La vita dei comuni mortali è fatta anche di questo. La cronaca diventa una storia, tra lacrime di dolore e lacrime di gioia. In un modo o nell’altro, tutti ricordano. In un modo o nell’altro, si va avanti, meglio se col conforto di un’anima diventata gemella.Ci sono destini legati con un filo così spesso che niente potrà mai spezzare. Giulia e Chiara sanno che per loro è così, è sempre stato così.
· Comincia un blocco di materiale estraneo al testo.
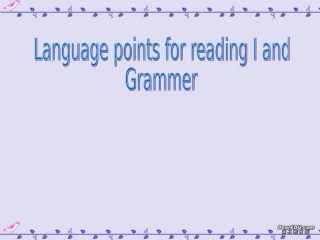 高二英语模块5 Unit1 Languagepoints课件 人教版 课件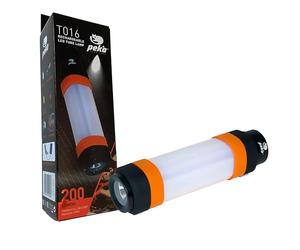 PEKA | Lampe de poche LED rechargeable haute puissance | Comprend des aimants et une sangle | Entre 1 et 1,5 W et 200 lm | De 7,5 à 26,5 heures d'autonomie | 6 modes | Batterie au lithium T016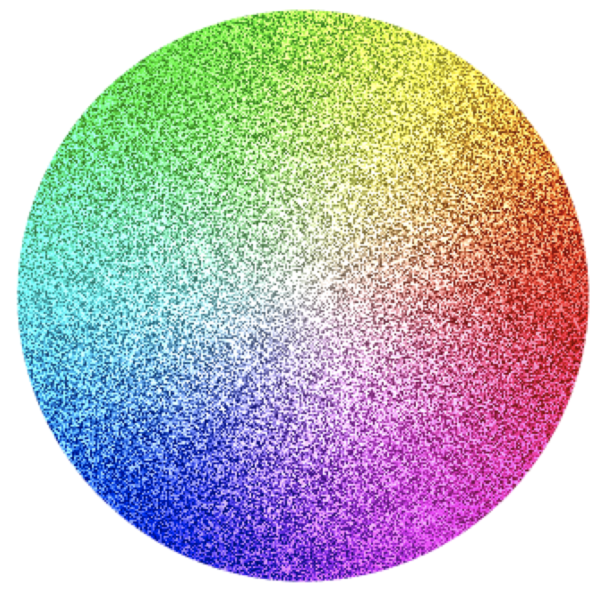 Color wheel with dither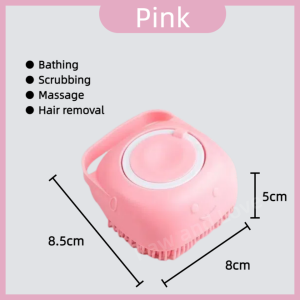 Pet Shower Brush Brush Shampoo Dispenser for Dog Hair Brush for Bath Comb Bathroom Grooming Cats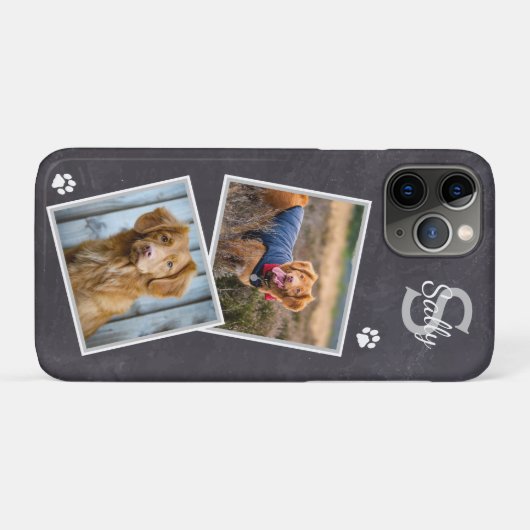Benutzerdefiniertes Foto Hunde Katzen Slate Marble Case-Mate iPhone Hülle (Rückseite (Horizontal))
Hanno imparato a camminare assieme, hanno giocato assieme, hanno studiato assieme, sono finite assieme nella stessa disgrazia e adesso, manco a dirlo, si sono laureate praticamente assieme, a pochi giorni l’una dall’altra. Laurea triennale: Giulia in Lettere moderne a Salerno, Chiara in Ingegneria biomedica a Torino.
Giulia è Giulia Muscariello, quella ragazza dai lunghi capelli chiari che oggi ha 22 anni e che abbiamo imparato a conoscere quando ne aveva appena compiuti 18. Nella notte fra il 30 e il 31 luglio del 2020 era seduta su un muretto accanto alla sua amica diciassettenne Chiara Memoli, a Cava de’ Tirreni, Salerno. Chiacchieravano quando il rombo di un’auto irruppe sulla scena e in pochi istanti diventò più forte delle loro voci. Giulia capì al volo che quell’auto non avrebbe frenato, diede uno spintone a Chiara per evitare l’impatto ma non fece in tempo a mettere in salvo se stessa. Si svegliò in ospedale con la gamba sinistra amputata all’altezza della coscia e quello fu il giorno zero da cui ripartire. Con Chiara al suo fianco, come sempre.
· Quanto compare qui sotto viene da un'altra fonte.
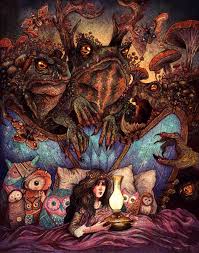 Mama Scared Stiff Contest 3rd Place The Owl Princess And Her Night Terrors By Angelarizza Deviantart Com Terror Art Art Fantasy Art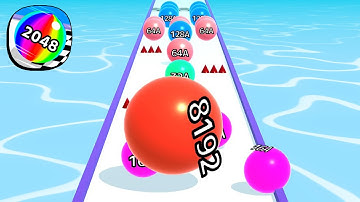 Ball Run 2048 - All Levels Gameplay Android, iOS ( Levels 4190 )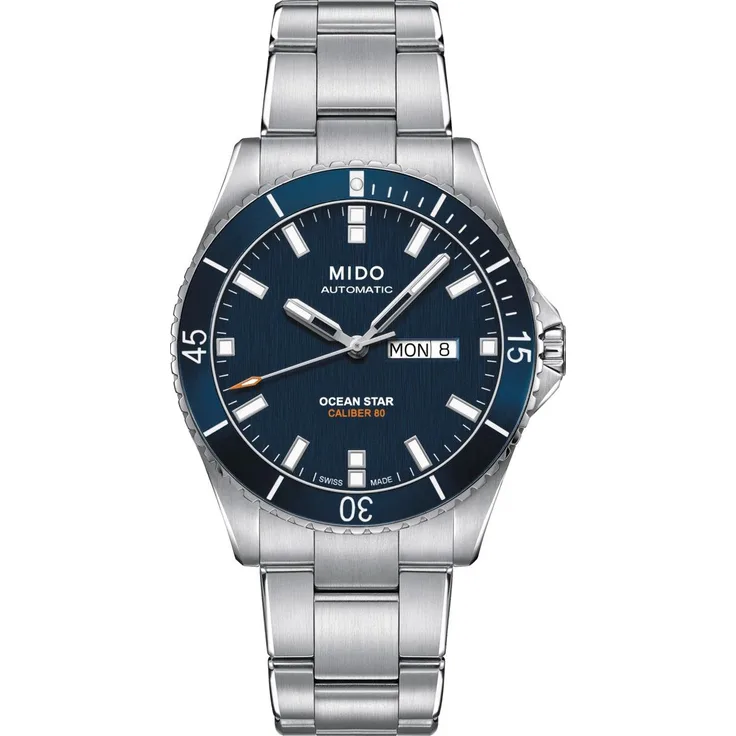 Mido Herrenuhr M0264301104100 Ocean Star 200 Edelstahl, Analoguhr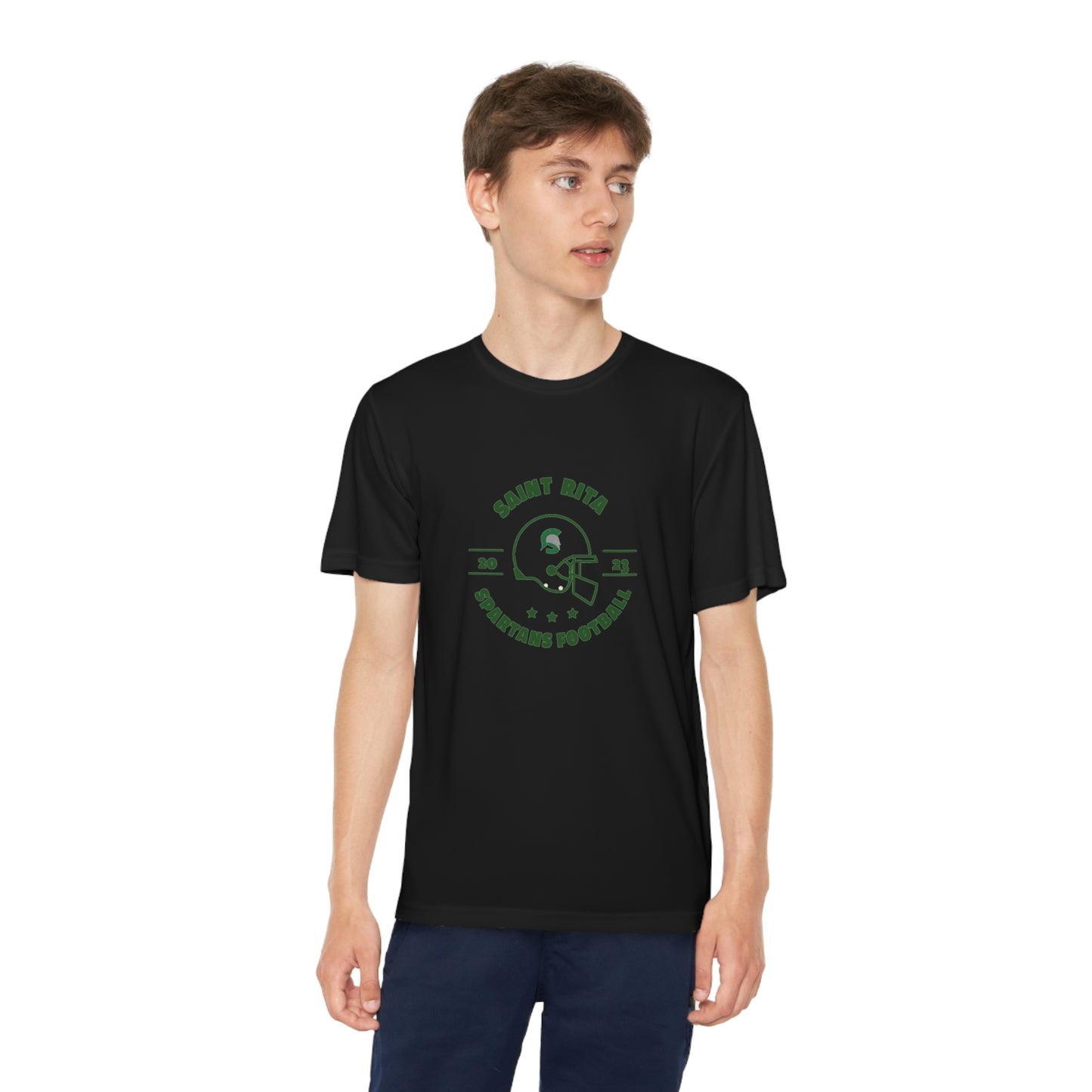 Youth Spartans Football Competitor Tee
L’amica avviò per le sue cure una raccolta fondi, la storia della loro amicizia e del gesto di generosità di Giulia arrivò al Quirinale, dove Sergio Mattarella la nominò Alfiere della Repubblica. Una favola fatta di un’amicizia che non è stata scalfita nemmeno un po’ dalla distanza dettata dalle scelte universitarie.
E così, eccole, Giulia e Chiara in prima fila a celebrare l’una la laurea dell’altra. Ma c’è di più. C’è che Chiara ha scelto Ingegneria biomedica sognando di poter sostenere e aiutare la sua amica con le protesi. «Dopo il fatto dell’incidente — dice — ho cominciato a vedere, proprio osservando Giulia, che cose fantastiche poteva fare un ingegnere in quest’ambito. E quindi è grazie a lei che mi sono avvicinata a questo mondo e ho scelto questo corso di laurea. Ora mi sono iscritta alla magistrale in Strumentazione biomedica che si occupa, fra le altre cose, di progettare le componenti elettroniche dei singoli strumenti oppure dei sensori e dei collegamenti alla app come quelli che usa Giulia per la sua gamba».
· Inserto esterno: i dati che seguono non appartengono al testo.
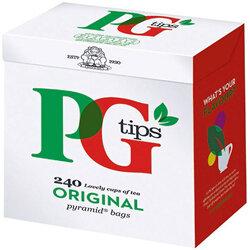 PG Tips Original Pyramid Tea Bags (Pack of 240) 10303320 on Productcaster.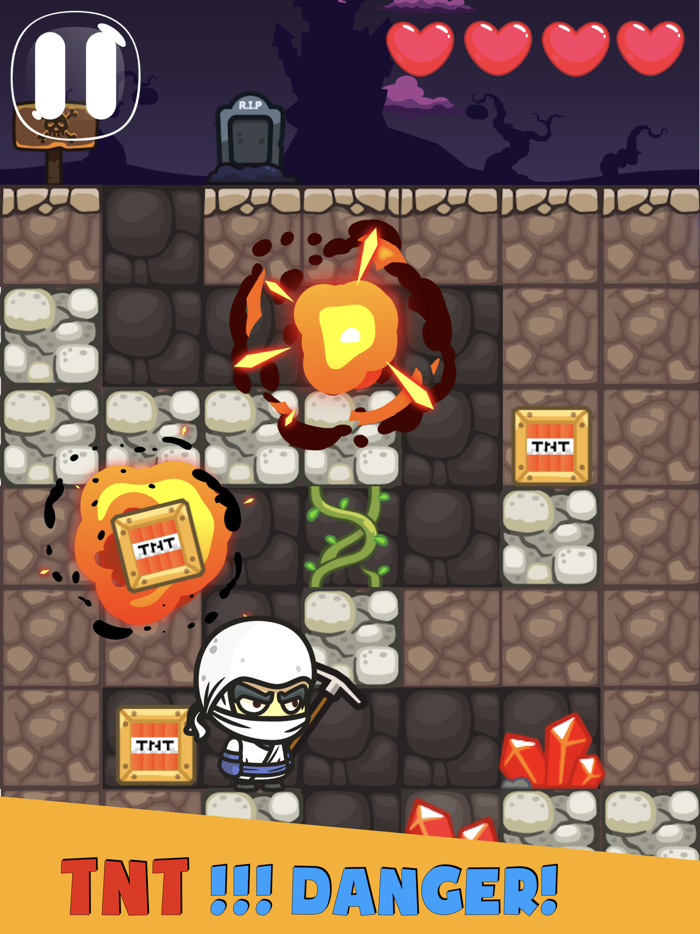 Dig Deeper - block miner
L’incidente? «Non ne parliamo quasi più», giura Chiara. «Anche perché non c’è più niente da dire. È andata così. Ogni tanto torna tutto a galla quando magari lei è preoccupata o indecisa per qualcosa. Le dico sempre: sei stata capace di superare quel che ti è successo, non ti farai spaventare da una piccola scelta! Lei è davvero speciale. Il giorno della sua laurea io c’ero e alla fine l’ho abbracciata e ho pianto come forse non avevo mai fatto da quella sera tragica. Ho metabolizzato tutto, finalmente».
Con il suo 110 e lode in tasca, Giulia ha cominciato la magistrale alla Sapienza di Roma in Filologia, e se deve immaginare un futuro felice si vede dietro una cattedra universitaria a insegnare. Lei, che è da sempre innamorata delle parole, dice che la sua preferita l’ha presa in prestito dal greco: ananthèo, rifiorire. Proprio quel che ha fatto in questi quattro anni, nonostante le difficoltà dei primi mesi post incidente e la morte di sua madre alla quale ha dedicato la tesi in Letteratura latina sul mito di Narciso.
«Mai avrei immaginato di riuscire a vivere da sola in una grande città», confessa ripensando alla Giulia spaventata e disperata dell’estate 2020. «E invece ora so che posso farcela. Sono autonoma, guido, ho trovato casa, ho molti amici. Avere persone vicine che ti aiutano è una cosa bellissima, ma avevo bisogno di capire se potevo cavarmela da sola e adesso so che la risposta è sì».
L’ostacolo più grande? «Mostrarmi, soprattutto al mare. Ho fatto fatica a superare questo passaggio ma alla fine ho capito che dovevo trasformare quel punto debole in un punto di forza e sa che ho fatto?». Che cosa? «Ho cercato di rendere più belle le mie protesi. Quella da mare adesso è rosa brillantinata, quella da tutti i giorni è dorata».